::: Given data :::
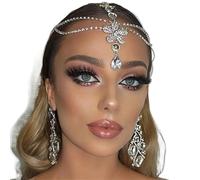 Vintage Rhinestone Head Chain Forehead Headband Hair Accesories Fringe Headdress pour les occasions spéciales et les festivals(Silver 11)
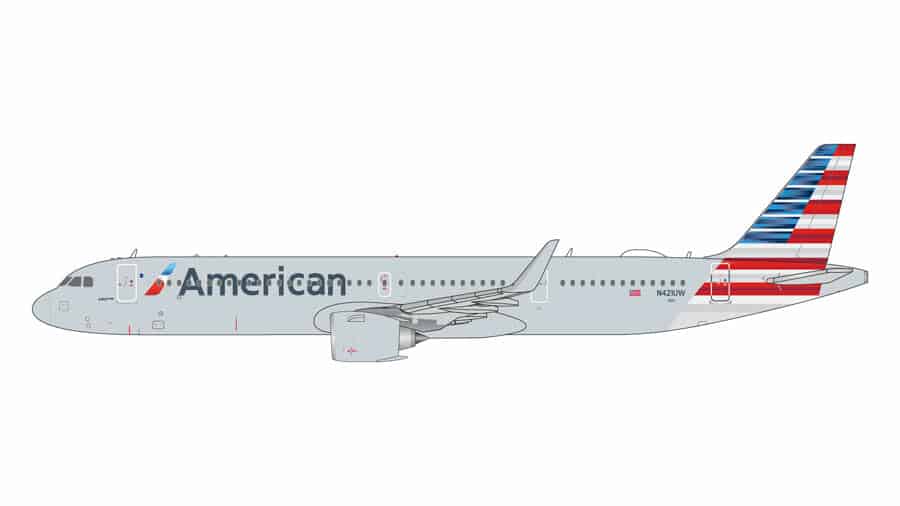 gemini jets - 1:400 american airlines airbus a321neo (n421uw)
:::
::: Given data :::
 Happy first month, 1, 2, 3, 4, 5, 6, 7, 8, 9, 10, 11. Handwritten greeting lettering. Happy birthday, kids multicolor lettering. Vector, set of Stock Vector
:::
::: Given data :::
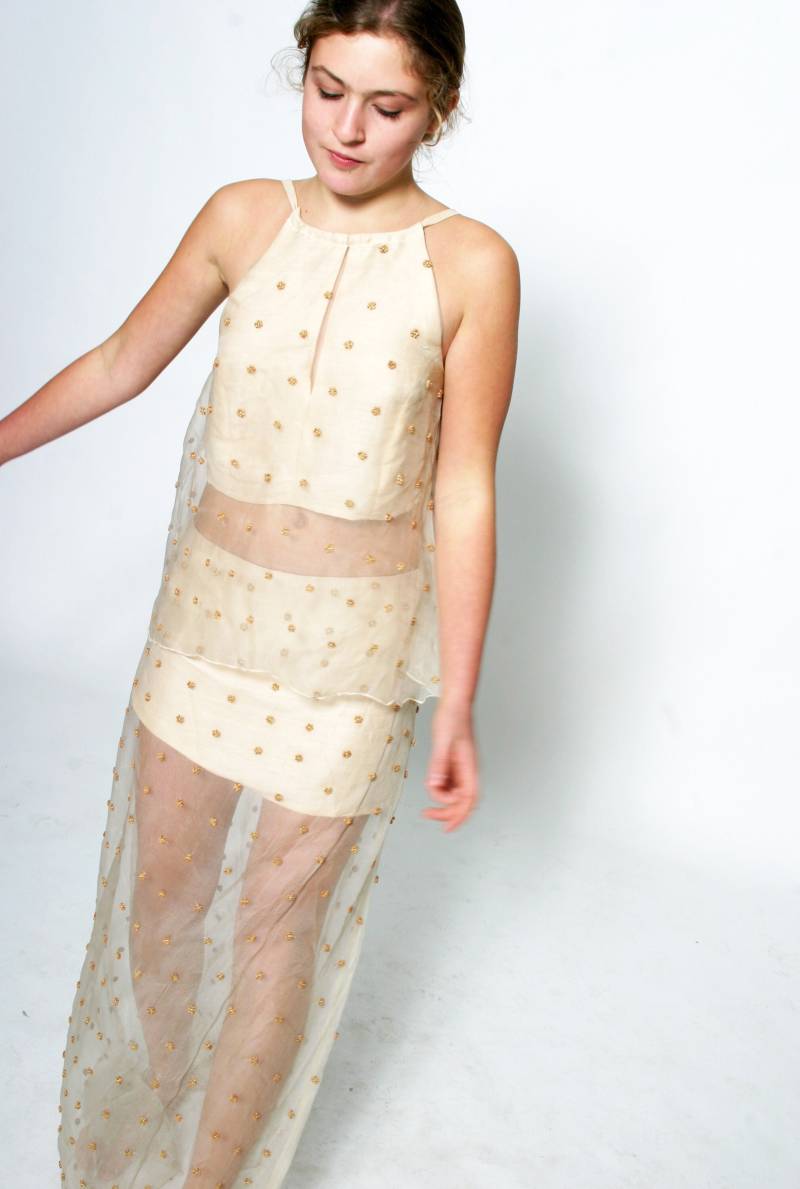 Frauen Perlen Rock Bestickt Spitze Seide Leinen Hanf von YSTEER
:::
» What this task involves: Exactly reproduce the lines above, starting at the one that contains "Vintage Rhinestone Head" and ending at the one that contains "gemini jets - 1:400", both inclusive; leave the pictures out and add no other lines.

» Exercise solution:
 Vintage Rhinestone Head Chain Forehead Headband Hair Accesories Fringe Headdress pour les occasions spéciales et les festivals(Silver 11)
 gemini jets - 1:400 american airlines airbus a321neo (n421uw)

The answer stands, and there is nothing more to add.